Namun, di balik tujuan mulia itu, implementasi di lapangan seringkali jauh dari harapan, bahkan memunculkan masalah baru. Salah satu yang paling sering jadi sorotan adalah soal manipulasi data jarak. Nggak sedikit orang tua yang rela pindah domisili sementara, memalsukan alamat, atau bahkan membeli rumah di dekat sekolah impian demi memasukkan anaknya. Ini jelas mencederai prinsip keadilan yang ingin dibangun zonasi.
Kemudian, ada juga masalah kualitas guru dan fasilitas sekolah yang belum merata. Meskipun siswa dipaksa masuk ke sekolah terdekat, kalau kualitas gurunya belum bagus dan fasilitasnya minim, toh esensi pemerataan kualitas pendidikan itu jadi nggak tercapai. Anak-anak yang sebenarnya berpotensi tinggi, tapi rumahnya dekat dengan sekolah yang kualitasnya kurang, jadi terhambat pengembangannya. Ini menimbulkan dilema besar bagi orang tua dan siswa.

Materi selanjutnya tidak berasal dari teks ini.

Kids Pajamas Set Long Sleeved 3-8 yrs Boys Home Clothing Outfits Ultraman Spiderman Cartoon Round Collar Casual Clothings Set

Masalah lainnya adalah ketersediaan daya tampung sekolah. Di beberapa daerah padat penduduk, jumlah sekolahnya terbatas, sementara jumlah anak usia sekolah sangat banyak. Akibatnya, meskipun sudah zonasi, tetap saja ada siswa yang tidak tertampung atau harus bersekolah sangat jauh dari rumahnya karena zonanya terlalu luas. Ini menunjukkan bahwa kebijakan sekolah zonasi tidak bisa berdiri sendiri, harus diiringi dengan pembangunan dan peningkatan kualitas sekolah secara menyeluruh.